● Exercise instructions
With both ends included, repeat exactly the lines of the entries below from the one containing "Mochila de Compresión" down to the one containing "Pánské Softshellová Bunda", and no others.

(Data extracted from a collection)

+---+

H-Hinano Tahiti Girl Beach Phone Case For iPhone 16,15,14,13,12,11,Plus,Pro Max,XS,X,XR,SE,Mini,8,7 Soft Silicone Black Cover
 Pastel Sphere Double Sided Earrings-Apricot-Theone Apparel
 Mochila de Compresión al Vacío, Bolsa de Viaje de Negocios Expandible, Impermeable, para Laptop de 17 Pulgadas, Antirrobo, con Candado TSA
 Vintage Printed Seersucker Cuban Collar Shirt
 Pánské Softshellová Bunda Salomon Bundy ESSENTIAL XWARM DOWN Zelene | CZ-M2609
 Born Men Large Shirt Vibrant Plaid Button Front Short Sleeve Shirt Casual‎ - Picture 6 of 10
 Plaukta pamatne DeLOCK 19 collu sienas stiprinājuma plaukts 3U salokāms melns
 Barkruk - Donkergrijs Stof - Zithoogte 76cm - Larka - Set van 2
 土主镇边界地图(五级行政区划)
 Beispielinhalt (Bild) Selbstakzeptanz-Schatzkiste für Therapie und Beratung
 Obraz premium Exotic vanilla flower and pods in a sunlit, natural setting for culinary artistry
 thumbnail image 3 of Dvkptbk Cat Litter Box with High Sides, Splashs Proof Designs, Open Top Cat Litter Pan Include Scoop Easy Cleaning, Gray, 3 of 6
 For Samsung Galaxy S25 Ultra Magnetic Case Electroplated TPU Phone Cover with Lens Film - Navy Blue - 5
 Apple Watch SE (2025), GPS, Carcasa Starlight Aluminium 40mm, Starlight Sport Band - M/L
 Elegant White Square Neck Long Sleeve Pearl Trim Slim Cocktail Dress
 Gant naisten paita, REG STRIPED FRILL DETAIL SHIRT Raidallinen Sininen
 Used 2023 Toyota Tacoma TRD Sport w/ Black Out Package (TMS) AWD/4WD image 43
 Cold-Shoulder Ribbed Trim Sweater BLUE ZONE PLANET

+---+

● Task result
 Mochila de Compresión al Vacío, Bolsa de Viaje de Negocios Expandible, Impermeable, para Laptop de 17 Pulgadas, Antirrobo, con Candado TSA
 Vintage Printed Seersucker Cuban Collar Shirt
 Pánské Softshellová Bunda Salomon Bundy ESSENTIAL XWARM DOWN Zelene | CZ-M2609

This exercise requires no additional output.